Free-space and on-chip photonic systems are key components in optical communication networks. While free-space beams allow for the flexible generation and manipulation of spatial modes, integrated waveguides provide compact and stable platforms for on-chip signal processing. Bridging these two domains is essential for scalable multi-mode communication networks. Here, we present an efficient, broadband interface capable of converting multiple higher-order free-space Laguerre-Gauss (LG) modes into corresponding waveguide modes using the multi-plane light conversion (MPLC) scheme. We experimentally demonstrate low-crosstalk mode conversion between various set of three LG modes, and the first three TE modes of a multimode silicon waveguide across the telecom C-band. The system operates passively without active switching and can be adapted to different spatial mode sets.

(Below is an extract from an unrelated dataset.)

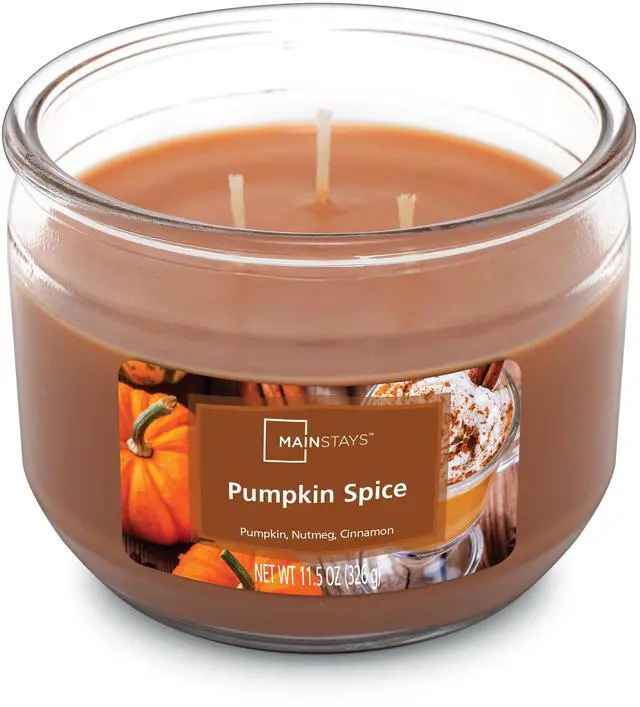 Main image of Mainstays Pumpkin Spice Scented 3-Wick Candle, 11.5 oz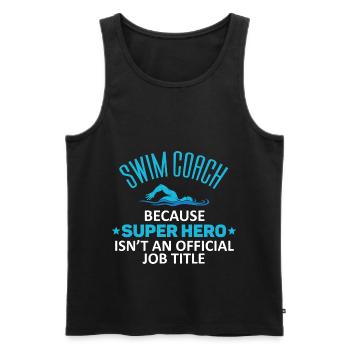 Schwimmlehrer, weil Superheld kein Offizieller ber - Männer Premium Bio Tank Top - Schwarz - Vorne - AI Model Male 178 light (178cm)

This platform provides a pathway to increased data capacities and may enable more compact and efficient multi-mode optical communication and on-chip processing schemes.

Figures (4)

• Figure 1: Sketch of the experimental setup. ($LG_{00}$, $LG_{10}$, $LG_{20}$) modes are generated using the first hologram. Then, the multi-plane light conversion (MPLC) system is implemented with a spatial light modulator (SLM). The MPLC converts the input modes to the first waveguide modes, which are coupled into a multimode Si rib waveguide using an aspheric lens. After propagation through the waveguide, the output field is imaged onto a camera. Off-axis digital holography is performed by interfering the signal beam with a reference beam, which is separated before the MPLC and adjusted in intensity and polarization using waveplates. A similar interferogram is recorded before the waveguide to characterize the MPLC output.
• Figure 2: Characterization of the mode transformation at different stages. (a) Simulated MPLC input modes $LG_{00}, LG_{10}, LG_{20}$ and the corresponding simulated waveguide modes after the transformation. (b) Experimentally reconstructed waveguide modes at the MPLC output prior to coupling to the chip. (c) Modes coupled into the waveguide chip and imaged on a camera. All field reconstructions were obtained using off-axis holography. (d) and (e) Crosstalk matrices of the transformation before and after transmission through the waveguide chip, respectively.
• Figure 3: Spectral performance of the interface. Crosstalk matrices and visibility measured after coupling to the chip for wavelengths between 1528–1568 $nm$.
• Figure 4: Mode transformation with different Laguerre–Gaussian input sets.